= Your instructions =
The entries below are to be repeated verbatim, in full.

= Record set =

■ ■ ■

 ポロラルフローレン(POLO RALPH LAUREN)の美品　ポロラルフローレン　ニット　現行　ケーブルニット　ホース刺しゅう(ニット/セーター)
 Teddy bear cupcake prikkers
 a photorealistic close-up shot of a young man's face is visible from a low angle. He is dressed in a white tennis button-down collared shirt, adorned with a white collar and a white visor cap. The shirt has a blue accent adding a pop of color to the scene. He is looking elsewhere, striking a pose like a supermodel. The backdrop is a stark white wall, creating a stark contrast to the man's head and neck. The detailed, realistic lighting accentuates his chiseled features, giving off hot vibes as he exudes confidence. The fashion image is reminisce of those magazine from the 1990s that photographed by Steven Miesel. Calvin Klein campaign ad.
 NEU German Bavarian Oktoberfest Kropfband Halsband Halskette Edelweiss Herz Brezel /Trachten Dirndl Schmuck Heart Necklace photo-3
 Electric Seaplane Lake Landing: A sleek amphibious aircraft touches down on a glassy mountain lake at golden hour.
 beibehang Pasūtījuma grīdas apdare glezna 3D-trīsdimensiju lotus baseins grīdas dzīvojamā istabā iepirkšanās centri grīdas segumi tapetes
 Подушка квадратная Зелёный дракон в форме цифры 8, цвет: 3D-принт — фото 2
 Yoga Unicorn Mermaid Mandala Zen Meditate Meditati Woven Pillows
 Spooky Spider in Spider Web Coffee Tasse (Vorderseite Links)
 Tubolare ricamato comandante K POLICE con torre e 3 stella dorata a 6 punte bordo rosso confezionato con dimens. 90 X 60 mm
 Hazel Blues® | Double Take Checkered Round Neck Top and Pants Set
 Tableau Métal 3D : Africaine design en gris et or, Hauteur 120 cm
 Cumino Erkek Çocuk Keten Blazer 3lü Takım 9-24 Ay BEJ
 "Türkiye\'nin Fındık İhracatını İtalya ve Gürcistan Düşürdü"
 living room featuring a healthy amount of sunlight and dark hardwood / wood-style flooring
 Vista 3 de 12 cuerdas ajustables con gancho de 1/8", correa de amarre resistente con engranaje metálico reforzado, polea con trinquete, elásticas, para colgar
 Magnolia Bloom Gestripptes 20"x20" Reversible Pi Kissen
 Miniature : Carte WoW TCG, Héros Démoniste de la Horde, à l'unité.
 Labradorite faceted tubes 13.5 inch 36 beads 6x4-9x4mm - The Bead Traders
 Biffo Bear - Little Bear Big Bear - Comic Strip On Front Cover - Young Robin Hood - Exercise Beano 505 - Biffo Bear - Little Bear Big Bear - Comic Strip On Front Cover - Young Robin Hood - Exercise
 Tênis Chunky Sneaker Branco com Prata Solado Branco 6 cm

■ ■ ■

= Written answer =
 ポロラルフローレン(POLO RALPH LAUREN)の美品　ポロラルフローレン　ニット　現行　ケーブルニット　ホース刺しゅう(ニット/セーター)
 Teddy bear cupcake prikkers
 a photorealistic close-up shot of a young man's face is visible from a low angle. He is dressed in a white tennis button-down collared shirt, adorned with a white collar and a white visor cap. The shirt has a blue accent adding a pop of color to the scene. He is looking elsewhere, striking a pose like a supermodel. The backdrop is a stark white wall, creating a stark contrast to the man's head and neck. The detailed, realistic lighting accentuates his chiseled features, giving off hot vibes as he exudes confidence. The fashion image is reminisce of those magazine from the 1990s that photographed by Steven Miesel. Calvin Klein campaign ad.
 NEU German Bavarian Oktoberfest Kropfband Halsband Halskette Edelweiss Herz Brezel /Trachten Dirndl Schmuck Heart Necklace photo-3
 Electric Seaplane Lake Landing: A sleek amphibious aircraft touches down on a glassy mountain lake at golden hour.
 beibehang Pasūtījuma grīdas apdare glezna 3D-trīsdimensiju lotus baseins grīdas dzīvojamā istabā iepirkšanās centri grīdas segumi tapetes
 Подушка квадратная Зелёный дракон в форме цифры 8, цвет: 3D-принт — фото 2
 Yoga Unicorn Mermaid Mandala Zen Meditate Meditati Woven Pillows
 Spooky Spider in Spider Web Coffee Tasse (Vorderseite Links)
 Tubolare ricamato comandante K POLICE con torre e 3 stella dorata a 6 punte bordo rosso confezionato con dimens. 90 X 60 mm
 Hazel Blues® | Double Take Checkered Round Neck Top and Pants Set
 Tableau Métal 3D : Africaine design en gris et or, Hauteur 120 cm
 Cumino Erkek Çocuk Keten Blazer 3lü Takım 9-24 Ay BEJ
 "Türkiye\'nin Fındık İhracatını İtalya ve Gürcistan Düşürdü"
 living room featuring a healthy amount of sunlight and dark hardwood / wood-style flooring
 Vista 3 de 12 cuerdas ajustables con gancho de 1/8", correa de amarre resistente con engranaje metálico reforzado, polea con trinquete, elásticas, para colgar
 Magnolia Bloom Gestripptes 20"x20" Reversible Pi Kissen
 Miniature : Carte WoW TCG, Héros Démoniste de la Horde, à l'unité.
 Labradorite faceted tubes 13.5 inch 36 beads 6x4-9x4mm - The Bead Traders
 Biffo Bear - Little Bear Big Bear - Comic Strip On Front Cover - Young Robin Hood - Exercise Beano 505 - Biffo Bear - Little Bear Big Bear - Comic Strip On Front Cover - Young Robin Hood - Exercise
 Tênis Chunky Sneaker Branco com Prata Solado Branco 6 cm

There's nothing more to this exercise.